:: Exercise input ::
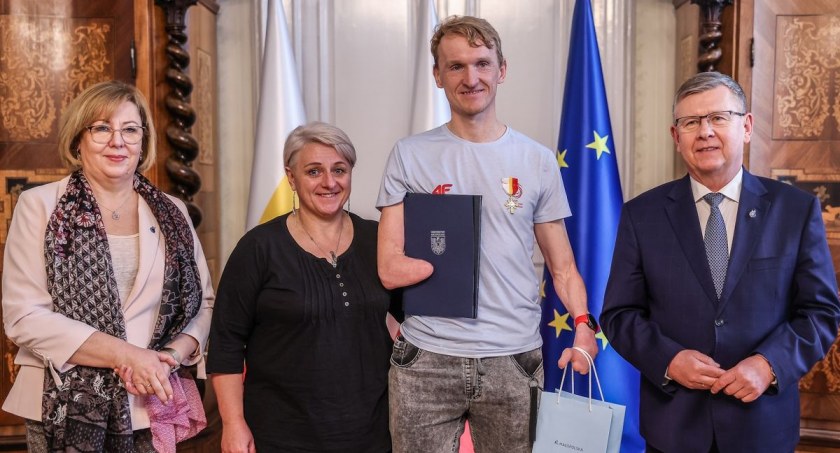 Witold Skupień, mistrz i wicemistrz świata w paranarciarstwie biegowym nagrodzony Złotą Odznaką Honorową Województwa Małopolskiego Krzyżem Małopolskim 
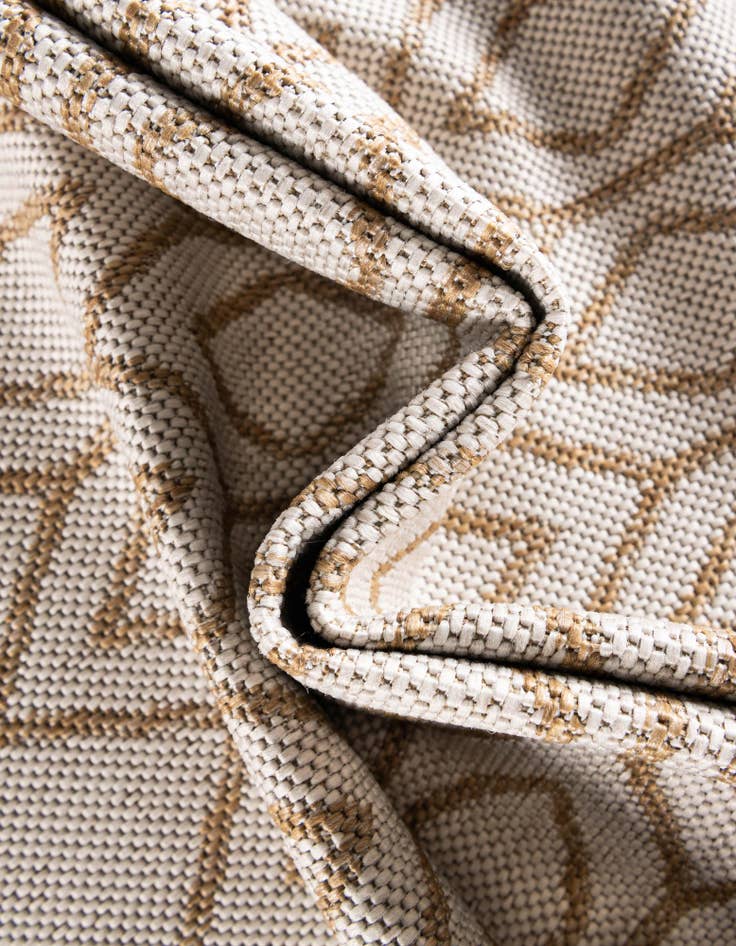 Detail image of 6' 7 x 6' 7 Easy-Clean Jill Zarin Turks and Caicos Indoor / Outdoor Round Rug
==
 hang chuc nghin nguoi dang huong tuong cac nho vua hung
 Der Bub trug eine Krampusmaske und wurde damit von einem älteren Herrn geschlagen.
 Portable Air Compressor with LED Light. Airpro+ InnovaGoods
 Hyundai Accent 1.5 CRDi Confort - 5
---
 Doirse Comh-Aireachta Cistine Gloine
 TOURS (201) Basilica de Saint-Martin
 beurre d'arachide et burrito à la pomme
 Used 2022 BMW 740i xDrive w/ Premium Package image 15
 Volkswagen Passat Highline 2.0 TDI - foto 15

:: Problem to work on ::
There is a line with "hang chuc nghin" and a line with "Hyundai Accent 1.5 CRDi Confort - 5" above. Copy exactly those two lines and all lines between them, with nothing else.

:: Response to the task ::
 hang chuc nghin nguoi dang huong tuong cac nho vua hung
 Der Bub trug eine Krampusmaske und wurde damit von einem älteren Herrn geschlagen.
 Portable Air Compressor with LED Light. Airpro+ InnovaGoods
 Hyundai Accent 1.5 CRDi Confort - 5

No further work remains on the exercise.